Implementation of Graph Node-Feature Convolution for Representation Learning in TensorFlow

Graph Node-Feature Convolution for Representation Learning

Graph convolutional network (GCN) is an emerging neural network approach. It learns new representation of a node by aggregating feature vectors of all neighbors in the aggregation process without considering whether the neighbors or features are useful or not. Recent methods have improved solutions by sampling a fixed size set of neighbors, or assigning different weights to different neighbors in the aggregation process, but features within a feature vector are still treated equally in the aggregation process. In this paper, a new convolution operation is introduced on regular size feature maps constructed from features of a fixed node bandwidth via sampling to get the first-level node representation, which is then passed to a standard GCN to learn the second-level node representation. [1]

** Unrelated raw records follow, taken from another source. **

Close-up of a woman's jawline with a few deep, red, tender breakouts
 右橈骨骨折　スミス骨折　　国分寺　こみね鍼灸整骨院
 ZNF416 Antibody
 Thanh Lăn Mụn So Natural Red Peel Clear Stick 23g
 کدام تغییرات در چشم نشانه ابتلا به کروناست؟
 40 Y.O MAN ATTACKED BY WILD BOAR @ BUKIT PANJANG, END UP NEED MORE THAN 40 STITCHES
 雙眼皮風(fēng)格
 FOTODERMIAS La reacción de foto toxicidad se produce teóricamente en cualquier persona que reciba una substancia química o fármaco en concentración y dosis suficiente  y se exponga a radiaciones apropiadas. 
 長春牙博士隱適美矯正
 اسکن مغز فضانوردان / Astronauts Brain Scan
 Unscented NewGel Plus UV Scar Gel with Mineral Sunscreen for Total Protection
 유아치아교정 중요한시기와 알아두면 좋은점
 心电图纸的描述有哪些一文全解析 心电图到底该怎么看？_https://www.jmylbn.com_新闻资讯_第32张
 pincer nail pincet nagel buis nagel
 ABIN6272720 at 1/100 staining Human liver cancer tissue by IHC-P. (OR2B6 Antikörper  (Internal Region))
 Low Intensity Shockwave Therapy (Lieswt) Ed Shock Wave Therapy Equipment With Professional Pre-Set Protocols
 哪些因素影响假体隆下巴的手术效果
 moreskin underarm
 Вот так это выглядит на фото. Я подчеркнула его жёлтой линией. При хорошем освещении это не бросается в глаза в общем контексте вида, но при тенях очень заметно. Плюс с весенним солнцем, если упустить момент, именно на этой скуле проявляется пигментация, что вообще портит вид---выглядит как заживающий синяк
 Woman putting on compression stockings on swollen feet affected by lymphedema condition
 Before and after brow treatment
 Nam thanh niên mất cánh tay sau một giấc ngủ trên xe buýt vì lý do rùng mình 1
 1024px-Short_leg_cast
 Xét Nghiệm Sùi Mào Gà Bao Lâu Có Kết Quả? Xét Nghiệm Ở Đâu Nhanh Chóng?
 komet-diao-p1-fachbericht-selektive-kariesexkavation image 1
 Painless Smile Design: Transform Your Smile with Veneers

Li Zhang , Heda Song, Haiping Lu, 2018, Graph Node-Feature Convolution for Representation Learning

For official implementation, you can visit report

Requirements

  • tensorflow_version 1.x

Training

python train.py

You can also try out in colab if you don't have any requirements!

Note: Since random inits, your training results may not exact the same as reported in the paper!

Data

In order to use your own data, you have to provide

  • an N by N adjacency matrix (N is the number of nodes),
  • an N by D feature matrix (D is the number of features per node), and
  • an N by E binary label matrix (E is the number of classes). [2]

Have a look at the load_data() function in utils.py for an example.

In this example, we load citation network data (Cora, Citeseer or Pubmed). The original datasets can be found here: http://www.cs.umd.edu/~sen/lbc-proj/LBC.html. In our version (see data folder) we use dataset splits provided by https://github.com/kimiyoung/planetoid (Zhilin Yang, William W. Cohen, Ruslan Salakhutdinov, Revisiting Semi-Supervised Learning with Graph Embeddings, ICML 2016).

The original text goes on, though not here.